Bab-bab Dahulu mengisahkan masa-masa awal kedatangan Lena ke Alam
Liar. Bagaimana gadis itu menjalani kehidupan penuh ancaman dan pemblokiran
sehingga dia dan kawanan pemukimnya hampir selalu berada dalam kelaparan dan
kekurangan obat-obatan. Teman-teman mereka mati satu per satu karena tidak
mampu beradaptasi dengan temperatur dan mengalami sakit namun tanpa persediaan
obat-obatan yang memadai. Dan semua hal itu dijalani Lena tanpa orang-orang
yang dia sayangi. Tanpa ibunya, sepupunya Grace, Hana, dan juga Alex. Susah
payah Lena melupakan Alex yang ia yakini dengan hampir pasti, telah tewas
tertembak Regulator. Atau ika beruntung, ditangkap dan dipenjarakan di Kriptus
dengan kemungkinan yang teramat kecil untuk melarikan diri. Sedang bab-bab Kini
bercerita tentang kehidupan Lena di masa sekarang. Seorang anak SMU biasa yang
mengigau di tengah jam pelajaran, namun aktif mengikuti ekskul yang bergengsi: Deliria
Free Association (DFA). Satu-satunya alasan Lena berada di sana adalah
menjalankan tugas dari kawanannya, sebagai mata-mata bagi pemberontak.

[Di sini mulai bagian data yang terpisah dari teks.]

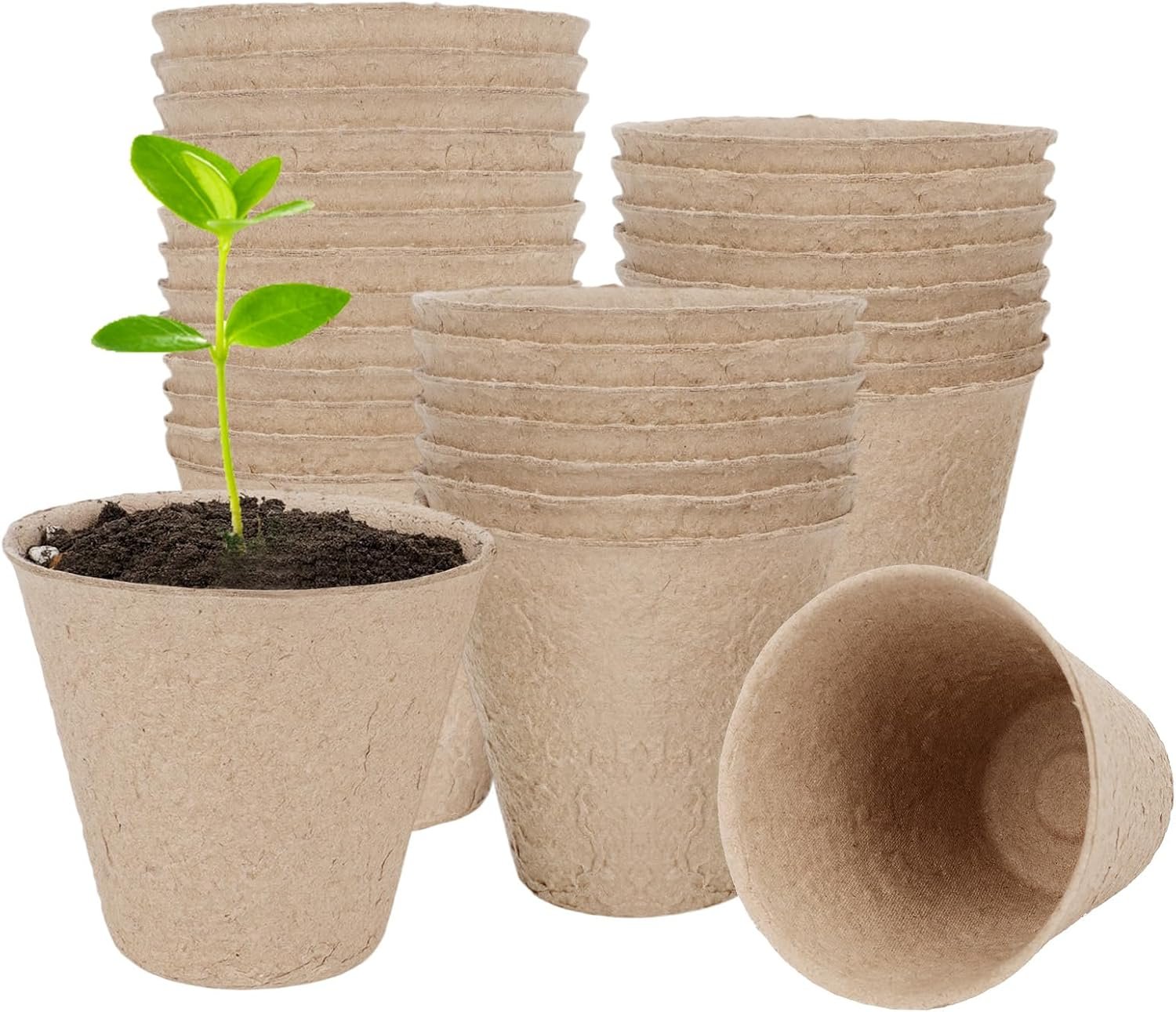 30 Pack Peat Pots, 3.1 Inch Seed Starting Pots, No Drainage Holes | No Transplant Shock, Biodegradable Round Nursery Pot, Starting Seeds of Vegetables, Herbs, and Flowers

Cukup disayangkan, Pandemonium tidaklah lebih seru dari buku
pertamanya. Tensi dari adegan-adegan pentingnya yang mampu memacu adrenalin
seolah terdistraksi oleh romansa baru Lena. Lauren nampaknya lebih fokus pada
situasi Lena sebagai personal, ketimbang polemik besar yang setiap saat siap
mencengkeram gadis itu dengan kuku-kukunya yang mematikan. Dalam kekacauan yang
disebabkan oleh pemberontakan kelompok anti-DFA, Lauren lebih memilih
mengisahkan, dengan cukup dominan, pertemuan Lena dengan Julian, putera pendiri
DFA, seorang pemuda yang belum disembuhkan. Hal ini akan menjadi guncangan
tersendiri bagi pembaca yang sejak awal telah mengenal Alex dan jatuh cinta
kepadanya. Pembaca yang memihak Alex, saya kira akan senang sekaligus tidak
senang kehadiran Julian Fineman. Senang karena ternyata Julian tidak mampu
menyaingi Alex, dan tidak senang karena mereka, sedikit banyak, mengharapkan
Julian dapat menjadi rival yang tangguh bagi Alex dan membuat kisah cinta Lena
sedikit lebih rumit.
Mengabaikan kisah
cinta Lena, Pandemonium menampilkan
tokoh-tokoh penting baru yang sangat likeable. Sayangnya, mereka hanya
hadir dalam porsi seadanya. Padahal tokoh-tokoh tersebut adalah potensi bagi
pergerakan plot yang lebih dinamis dan pemacu klimaks yang penuh tensi. Sebagai
tokoh utama antihero, Lena tidak memiliki potensi-potensi itu. Karena itulah
saya menunggu interaksi Lena dengan lebih intens dengan tokoh-tokoh kunci dalam
ledakan penting yang sangat ditunggu di buku ini. Meski demikian, saya menyukai
perkembangan karakter Lena. Daya bertahan hidupnya yang mengagumkan, dan
sisi-sisi tertentu--yang mungkin akan mengesalkan pembaca--namun membuatnya
tampak manusiawi.
Terlepas dari segala
ketidakpuasan dalam alur, saya tidak bisa tidak memberi 4 bintang untuk buku
ini, untuk daya adiksi Lauren Oliver dalam berkisah. Untuk narasi-narasinya
yang intens dan detil dalam menggambarkan situasi emosional tokoh-tokohnya, dan
menempatkan kejutan di titik yang tepat. Lauren Oliver benar-benar mengusai
cara untuk menghanyutkanmu ke dasar kesadaran sehingga kau akan lupa caranya
berhenti dan meninggalkannya. Satu elemen penting yang akan selalu dibutuhkan
penulis untuk membuat pembacanya menunggu kisah-kisahnya yang menjelang.
Pembaca, saya kira, harus lebih bersabar, mengingat buku ini sedang menanti
sekuel kedua untuk menggenapkan kisahnya. Karena akhir buku ini mengumpan
pembaca dengan hal yang sudah mereka tunggu sejak Delirium berakhir.